The Power of Statistics: A Myth of Objectivity

THURSDAY, 5 MAY 2022

For decades, scientists have applied statistical analyses to provide objectivity to their research. Such objectivity is viewed as a critical attribute of good science, given that any factual scientific statement must be free of personal opinions and biases. However, with the onset of the ‘reproducibility crisis’, scientists and statisticians have been forced to discuss flaws in current approaches to statistical inference and to consider the consequences of demanding absolute objectivity from science.

The reproducibility crisis refers to the fact that the results of many scientific studies are difficult or impossible to reproduce. In 2016, a survey carried out by Nature found that over 70% of scientists had been unable to reproduce the experimental work of others and that over 50% of scientists had even failed to reproduce their own work fully. This poses a dilemma as the credibility of subsequent theories and findings is also called into question. Hence, as stated by Ioannidis in 2005, “false findings may be the majority or even vast majority of published research claims”. Whilst others feel that this statement is extreme, there is little doubt that this crisis exists and that the incorrect application and interpretation of statistics is one of its main drivers.

Statistics can be simply defined as “the study and presentation of data”. Researchers collect data and apply statistical analyses to interpret it, hoping to draw meaningful conclusions. Unfortunately, where the results of analyses used to be presented beside other evidence to support a rational argument, statistics are now relied upon as the primary determinant of most scientific conclusions. Ultimately, this over-simplification of statistical inference is driven by a desire and perceived need for objectivity. Ironically, however, statistics can never provide an objective answer to any scientific question as the processes by which they are derived and interpreted are themselves subjective.

Despite this, researchers often appear to have only one goal, to establish statistical significance. That is, to carry out an analysis and get back a p-value < 0.05 or < 0.01. This p-value means that the probability of collecting such data would be less than 5% or 1% if there were no true effect. Scientists will then argue that this statistical significance is enough to draw an objective conclusion. Unfortunately, not only does a p-value threshold represent a subjective cut-off for significance, but it also ignores the specific context of any scientific question. The effect size, for example, is completely disregarded.

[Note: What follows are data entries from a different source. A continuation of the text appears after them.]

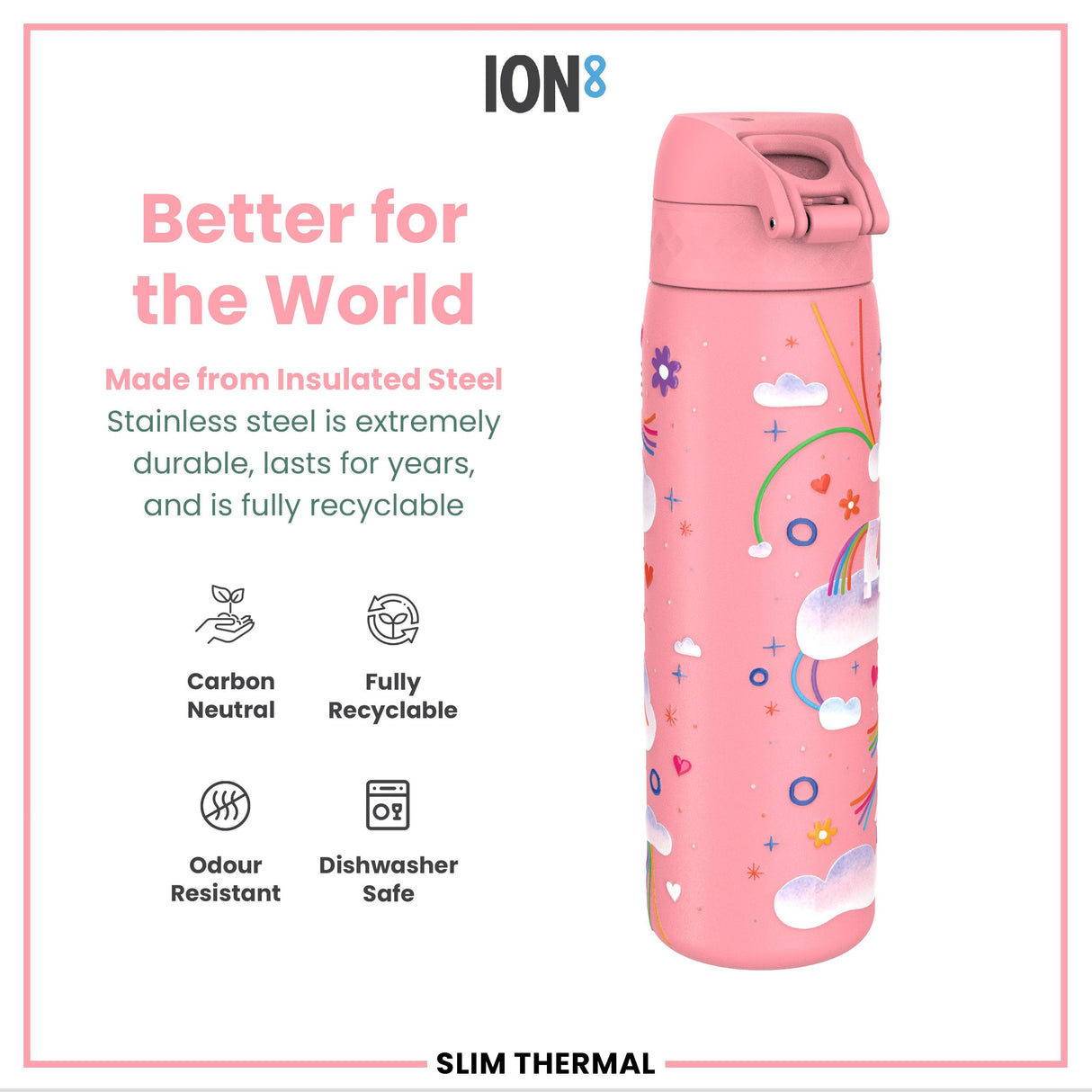 ION8 Leak Proof Slim Thermal Steel Water Bottle, Insulated, Unicorn, 500ml (17oz)
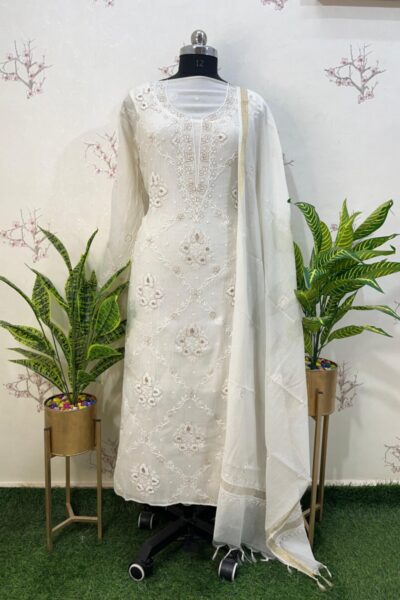 pure mulmul zari with addon semi stitched two piece set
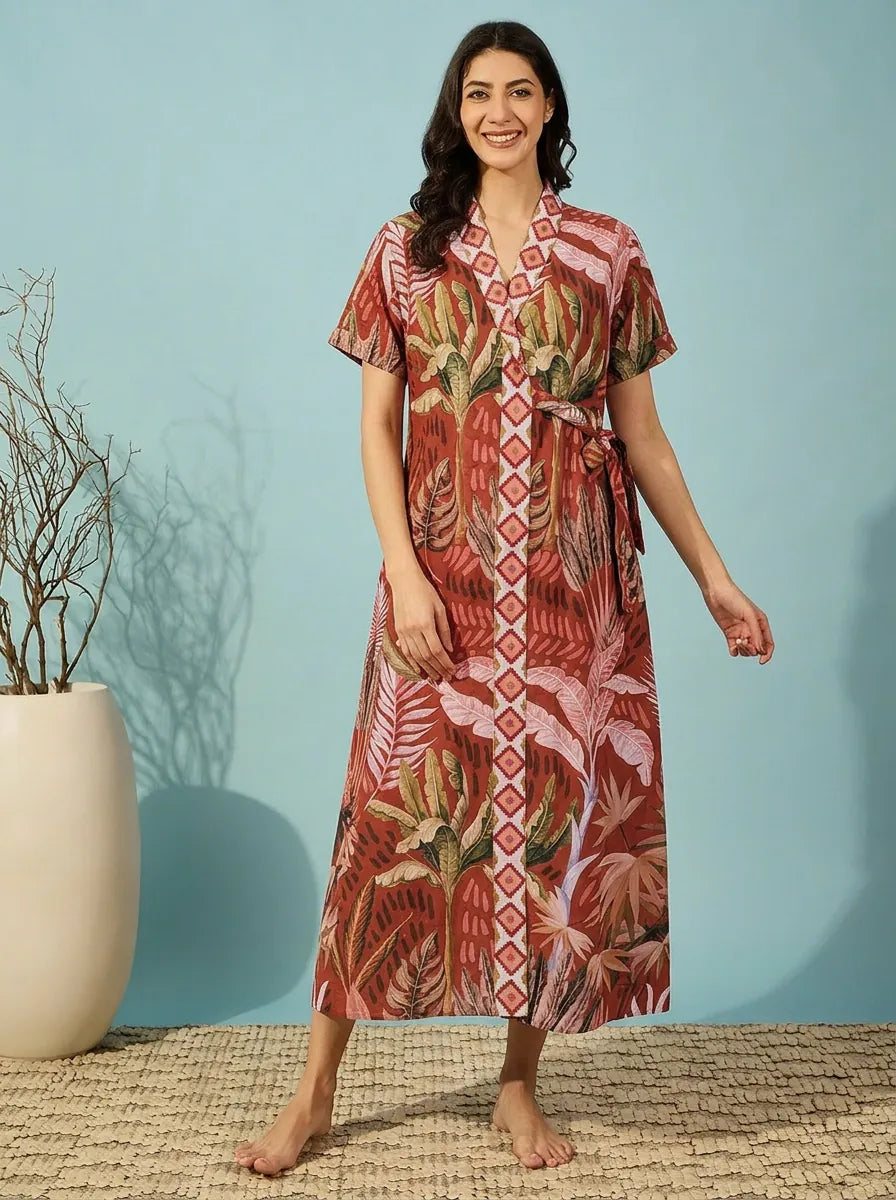 The Kaftan Company Nightwear Rust Tropical Leaf Print Cotton Sleep Gown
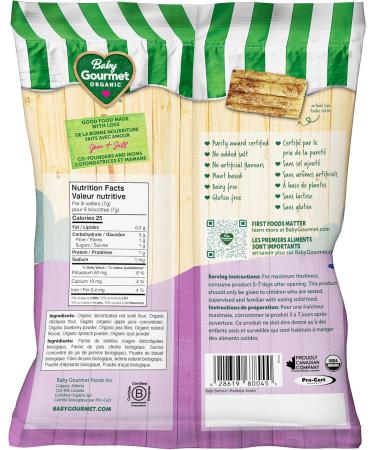 Baby Gourmet Organic Lentil & Chickpea Rusks - Blueberry Spinach Acai - No Artificial Flavours Gluten-Free Dairy-Free Corn & Rice Free BPA-Free Packaging - 40g 4 Pack - Buy Online on GoSupps.com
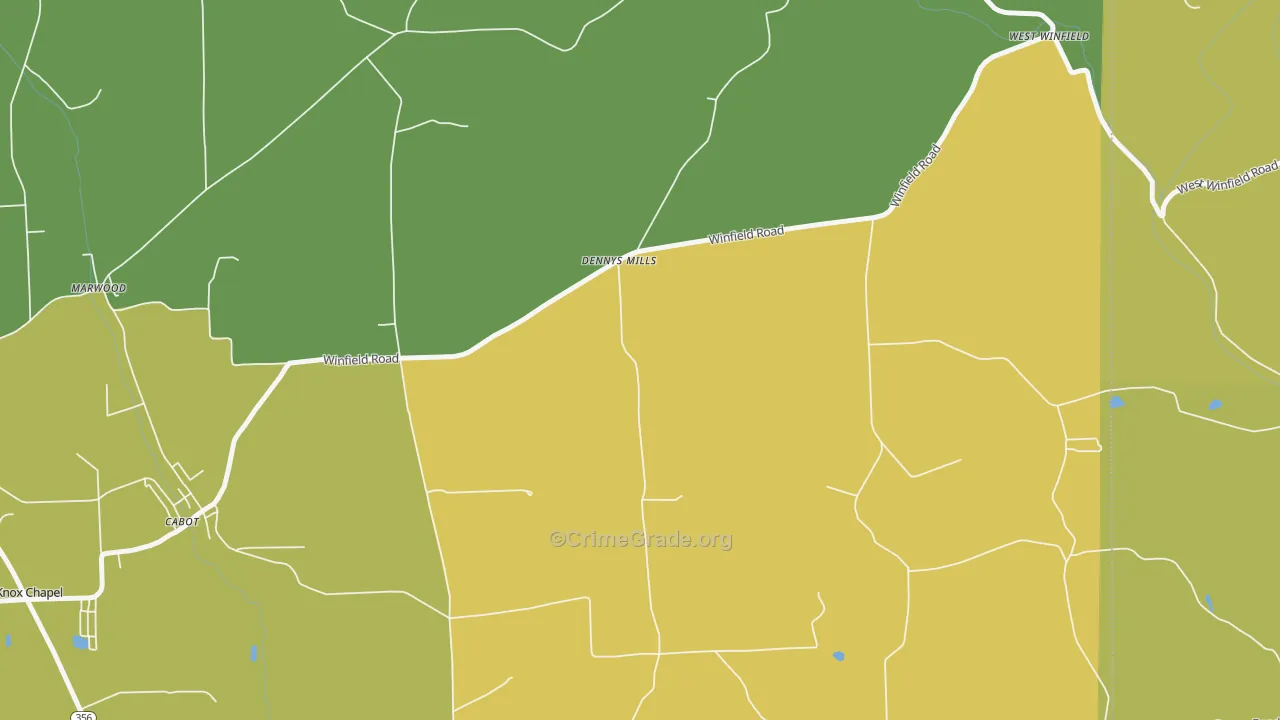 Dennys Mill, PA Map of Robbery Rates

Perhaps a common misconception within statistical inference is that p-values determine the presence and size of an effect, that is, a relationship between two factors of interest. In reality, a p-value greater than the significance threshold does mean that there is no effect but instead prevents the conclusion that an effect is not due to chance. Similarly, a smaller p-value does not indicate a greater effect size or a stronger relationship. Yet determining the size of a significant effect is still necessary to determine whether something interesting occurs within a system. Hence, statistics should be viewed as a tool to generate rational arguments instead of a shortcut to a definitive statement.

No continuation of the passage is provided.